To download this repository, clone it using git:
git clone https://github.com/CrystalCo/vulnerability_detection.git
Requires Python 3.8.10
If the files in slicesSource are not compressed, you may skip this step. Otherwise do the following:
- Download git lfs at https://git-lfs.github.com/
- Install by running git lfs install.
- Run git lfs pull to unzip the large files.
Create an ENV variable with the path to this project, and call it VUL_PATH.
Example for Unix/MacOS:
export VUL_PATH=`pwd`
or manually:
export VUL_PATH=/Users/cryst/Documents/vulnerability_detection
Create a virtual environment:
python3 -m virtualenv env
Activate virtual environment:
source env/bin/activate
Install requirements:
pip install -r requirements.txt
Make sure the following folders are inside the root directory:
- w2vModel/metrics/
- w2vModel/metrics/bgru
- w2vModel/metrics/blstm
- w2vModel/model/
- model/
Make sure the following folders are inside the data directory:
- CVE/
- CWE/
- DLinputs/
- DLinputs/
- DLvectors/
- DLvectors/
- DLvectors/
- DLvectors/
- slicesSource/
- token/
- tokens/
Original code that converts source code to slices.
Contains the original source code for binary vulnerability detection.
2_Application_Codes.ipynb is the main file to run in this folder. It uses BGRU & BLSTM to detect whether a slice of code contains a vulnerability or not.
Contains the follow up code that attempts the multiclass classification of vulnerabilities across 162 Common Weakness Enumeration (CWE) IDs.
CWE_Data_Preprocessing.ipynb was the first step in preprocessing the data. It collects the SARD & CVE test case IDs for all the source slices we have. Then, it scrapes the Internet for the CWE attributes for each SARD & CVE ID. Finally, it ouputs 2 files: CWE_DF.csv & CVE_DF.csv.
CWE_DF.csv contains all the unique CWE IDs, their details, and counts*.
CVE_DF.csv contains all the unique CVE IDs, their descriptions & counts*, and the CWE-ID associated with them if applicable.
*number of times they appear in the source code file.
Grouping_By_Abstraction.ipynb then collects all the CWE IDs found in the previous step, and creates a tree of relationships between these CWEs. CWEs were grouped by similarity, which are defined as pillars in the Research Concepts view in the CWE website. A dictionary of SARD & CVE IDs mapped to their respective group ID is created, and saved to SARD_CVE_to_groups.csv.
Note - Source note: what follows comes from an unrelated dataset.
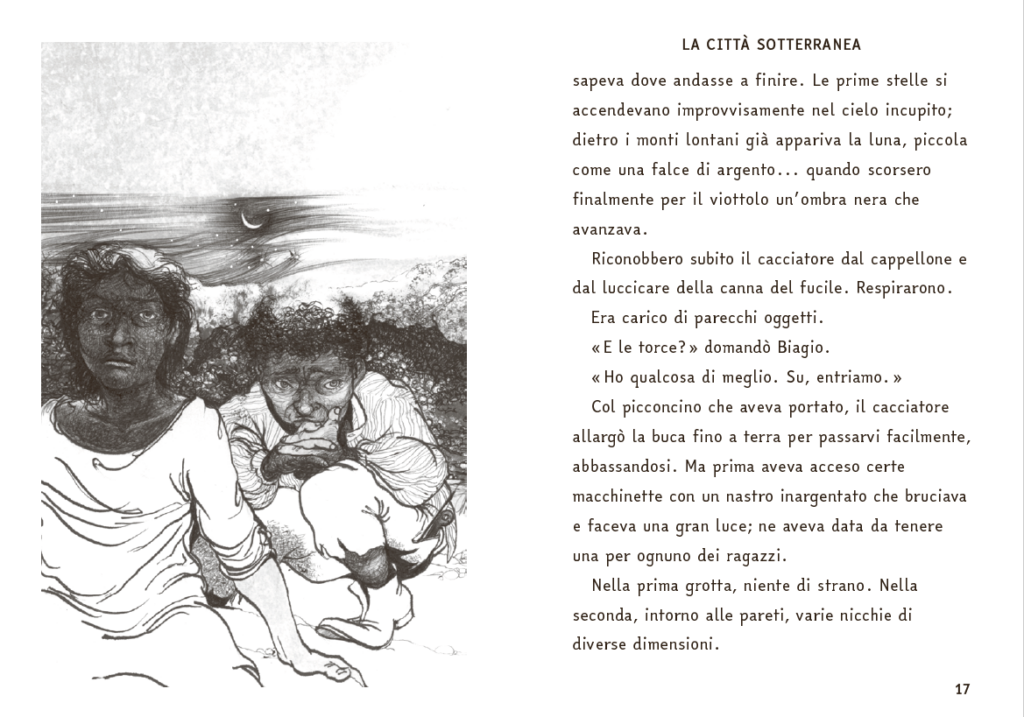 Illustrazione in bianco e nero in primo piano di due ragazzi, una femmina e un maschio, inginocchiati all'aperto di notte. Sullo sfondo si scorgono montagne e un cielo notturno con stelle e una falce di luna crescente.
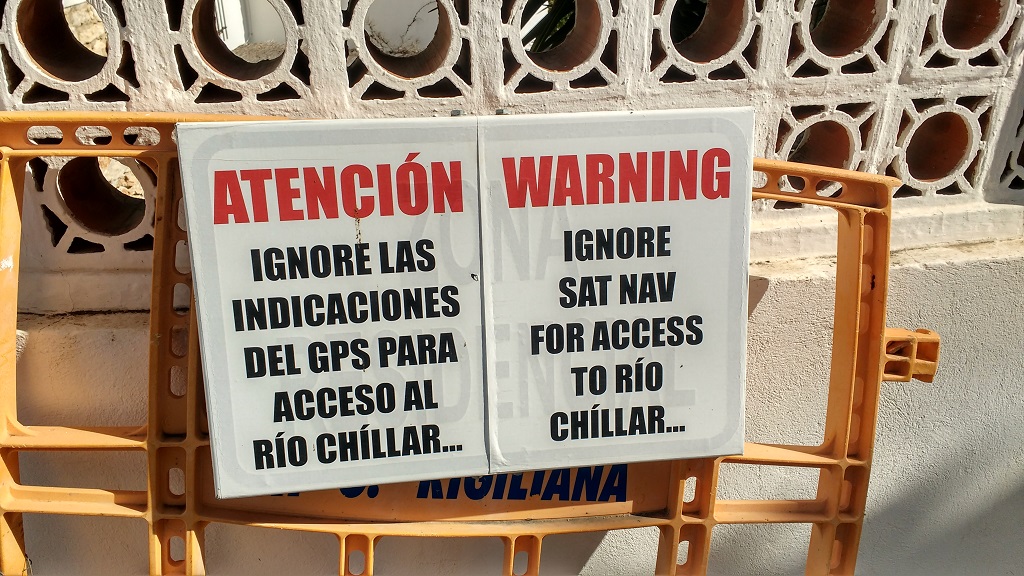 Ignore sat nav sign in Frigiliana, Spain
Grouping_By_CWE.ipynb CWEs grouped by their unique CWE-ID. A dictionary of the original SARD & CVE IDs mapped to their respective CWE-ID is then saved to SARD_CVE_to_CWE.csv.
3A_Vulnerability_Classification_ML.ipynb attempts to classify vulnerability types using ML models.
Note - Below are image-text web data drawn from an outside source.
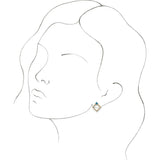 14K Gold Square Natural Aquamarine Accented Geometric Earrings - Yellow Gold - view 2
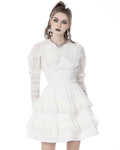 Dark In Love Gothic Angel Casket Collar Dress - White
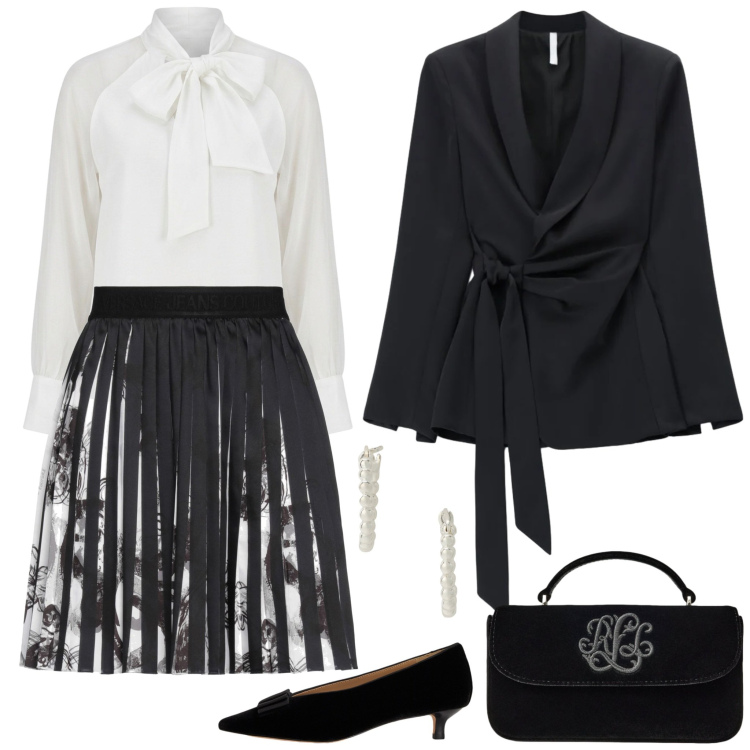 Outfit donna - La gonna plissé e la camicia col fiocco. Stile Bon Ton per Cerimonia. Abbinamento con blazer, orecchini, décolleté, borse a mano, bluse, minigonne.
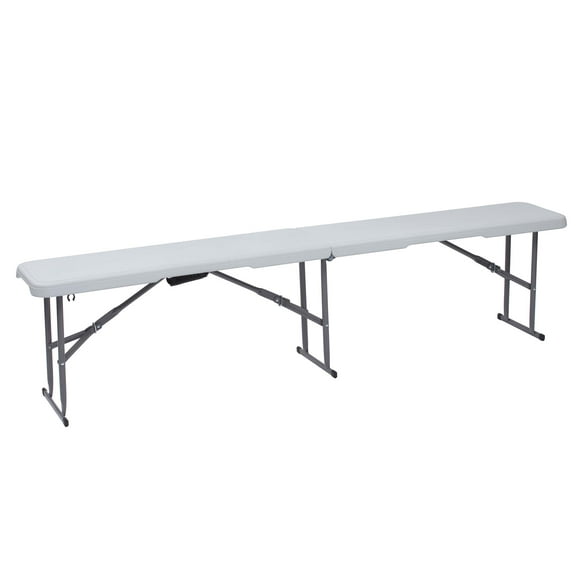 TentandTable Plastic Fold in Half Bench, White, 6 ft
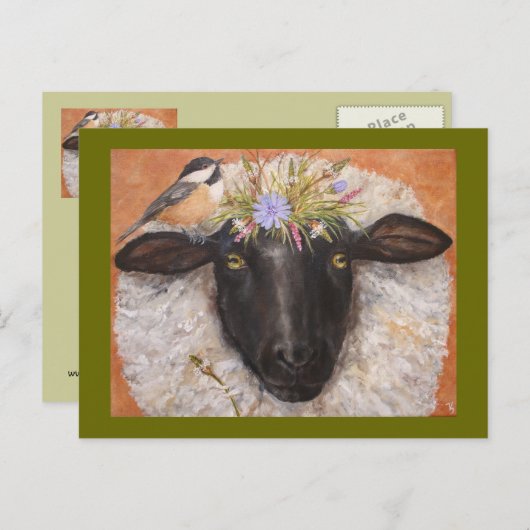 Briefkaart van Belle en Chicky (schaap en cichorei (Voorkant / Achterkant)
3A_Vulnerability_Classification_ML_PCA.ipynb attempts to classify vulnerability types using ML models with PCA transformed data.
3B_Vulnerability_Classification_DL.ipynb attempts to classify vulnerability types using DL models.
3A_Vulnerability_Classification_DL_PCA.ipynb attempts to classify vulnerability types using DL models with PCA transformed data.